Some example of organizing working directory.

home
└── me
    ├── playground
    │   ├── ad-hoc
    |   |   ├── process-set-of-files
    |   │   │   ├── input
    │   │   │   |   ├── file1.csv
    │   │   │   |   ├── file2.csv
    │   │   │   |   ├── file3.csv
    │   │   │   |   └── file4.csv
    |   |   |   ├── local.db
    |   |   |   ├── update.log
    │   │   |   └── update.sh
    │   ├── report
    │   │   ├── demo-dashboard
    │   │   │   ├── sql
    │   │   │   │   └── data-cube.sql
    │   │   │   └── update.sh
    │   │   ├── demo-datafeed
    │   │   │   ├── sql
    │   │   │   │   └── dataset.sql
    │   │   │   ├── update.log
    │   │   │   └── update.sh
    │   │   └── demo-report
    │   │       ├── input
    │   │       │   └── titanic.xlsx
    │   │       ├── sql
    │   │       │   ├── data-dd.sql
    │   │       │   └── data-mm.sql
    │   │       ├── local.db
    │   │       ├── update.log
    │   │       └── update.sh
    │   ├── crontab
    │   └── crontab-update.sh
    ├── .bash_aliases
    ├── .etl.yml
    ├── .google-api-key.json
    └── .ms-api-key.json
  • Config files we can store in user directory

  • Reports and ad-hoc activities we can store in separated way

  • Sheduling plan crontab for update reports we can store in playground directory

  • All sql query we can put in sql directory

  • For each report, dashboard, datafeed we create update.sh with same name

.etl.yml
 1local: 'duckdb:///local.db' # use this alias when you need local database in project directory
 2gsheet: 'google+sheets://??credentials=~/.google-api-key.json' # use this alias to load data to google sheets
 3sharepoint: 'microsoft+graph://??credentials=~/.ms-api-key.yml'
 4db_alias1: 'sqlite:////home/user/workspace/folder/some.db'
 5db_alias2: 'postgres://user:pass@host:port/database'
 6db_alias3: 'mysql+pymysql://user:pass@host:port/database?charset=utf8'
 7db_alias4: 'oracle+cx_oracle://sys:pass@host:port/database?mode=SYSDBA'
 8db_alias5: 'awsathena+rest://aws_access_key_id:aws_secret_access_key@athena.region_name.amazonaws.com:443/schema_name?s3_staging_dir=s3_staging_dir'
 9db_alias6: 'clickhouse+http://user:password@host:8443/db?protocol=https'
10db_alias7: 'duckdb:///C:\\Users\\user\\Desktop\\test.duckdb' # windows path style
update.sh
1 #!/bin/bash
2
3 cd "$(dirname "$0")" # you need this line if you are planning to sheduling it with cron
4
5 elt --source local --extract sql/my-query.sql --target output/result.xlsx
.bash_aliases
1 # custom alias for run update.sh or other sh with adding logging
2 # just type 'upd' and you see running log, after exectuing you will see update.log
3 upd () {
4   if [[ -z $@ ]]; then
5     sh update.sh |& tee update.log
6   elif [[ $1 =~ '.sh' ]]; then
7     sh $1 |& tee ${1%.sh}.log
8   fi
9 }
crontab
 1 # Define enviroment variables
 2 SHELL=/bin/bash
 3 PATH=/usr/local/sbin:/usr/local/bin:/sbin:/bin:/usr/sbin:/usr/bin:/opt/homebrew/bin
 4 HOME="/home/me/"
 5 ETL_CONFIG=/home/me/.etl.yml
 6
 7 ###### test job
 8 #*/1 * * * * date >./cron.log 2>&1
 9 #*/1 * * * * printenv >>./cron.log 2>&1
10 #*/1 * * * * etl --help >>./cron.log 2>&1
11
12 ###### reports
13 # demo-dashboard
14 0 6 * * * ./playground/report/demo-report/update.sh >./playground/report/demo-report/update.log 2>&1
crontab-update.sh
1 #! /bin/bash
2
3 crontab -l > ./crontab~ #backup current crontab
4 crontab ./crontab

Configurating

In order to set up connections to databases, etl uses the connection string format.
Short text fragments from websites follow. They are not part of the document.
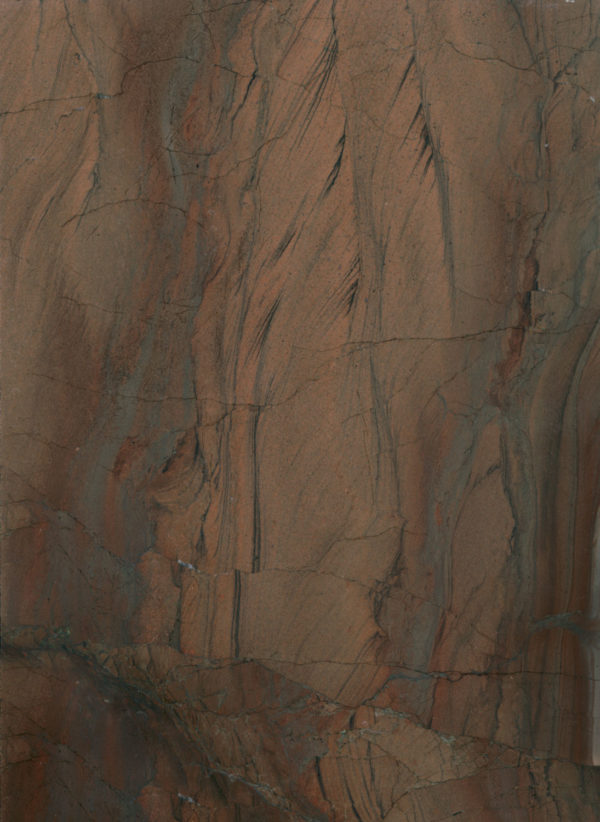 Elegant Dune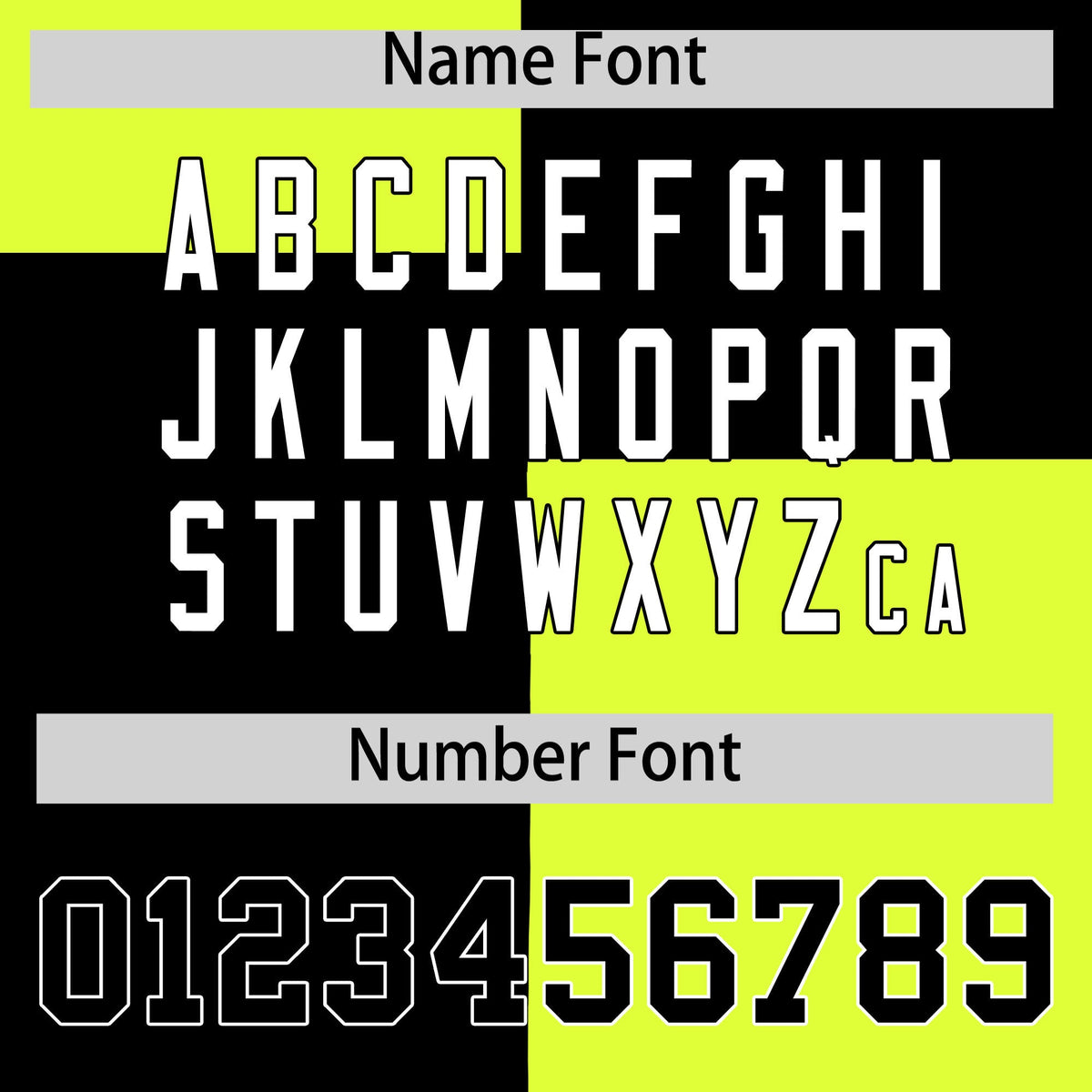 Custom Black Green Varsity Full-Snap Four Squares Color Block Letterman Jacket Hoodie| KXKSHOP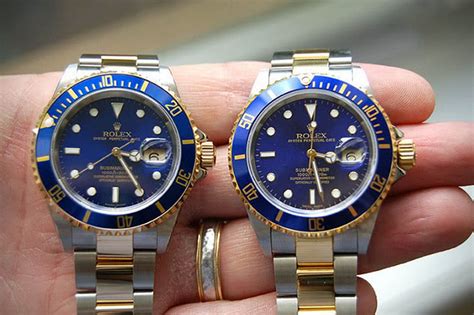 belle copie rolex|Rolex knockoffs.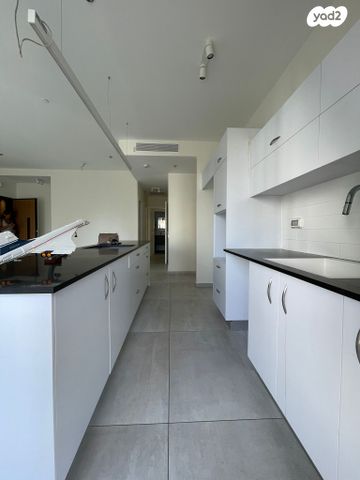 דירה, מטמון כהן, הצפון החדש - כיכר המדינה, תל אביב יפו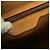 Louis Vuitton Sac Gibeciere Messenger Bag Monogram Canvas MM Marrone - vista 4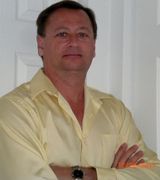 Profile picture for Darryl McGlamry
However, connection strings can be long. To save time, etl can find the connection string by its alias in a .etl.yml config file:

.etl.yml
1local: 'sqlite:///local.db'
2db_alias1: 'sqlite:////home/user/workspace/folder/some.db'
3db_alias2: 'postgres://user:pass@host:port/database'
4db_alias3: 'mysql+pymysql://user:pass@host:port/database?charset=utf8'
5db_alias4: 'oracle+cx_oracle://sys:pass@host:port/database?mode=SYSDBA'
6gsheet: 'google+sheets://??credentials=~/.google-api-key.json'

Config .etl.yml searching priorities:

  • by command option --config /somepath/.etl.yml

  • by OS environment variable: sudo echo "export ETL_CONFIG=~/etl.yml" > /etc/profile.d/etl-config.sh

  • by default in user home directory

Note

windows C:\Users\user\ linux \home\user\ mac \Users\user\

To set up connection to microsoft graph api create file.

.ms-api-key.yml
1resource: "https://graph.microsoft.com/v1.0/"
2scopes: ["https://graph.microsoft.com/.default"]
3client_id: "{Application ID}" #you registered in active direvroty application
4authority: "https://login.microsoftonline.com/{Tenant ID}" #you organization tenant id
5secret_id: "{Secret id}"
6client_credential: "{Value}" #of Secret ID

You have to register application in microsoft azure active directory of your organization. Give permissions on microsoft graph Sites.ReadWrite.All, Files.ReadWrite.All.

Parameters to source/target

When connecting to a database using a connection string, you can specify various parameters that customize the connection. These parameters are appended to the connection string, separated by a ? character and can be combined with &.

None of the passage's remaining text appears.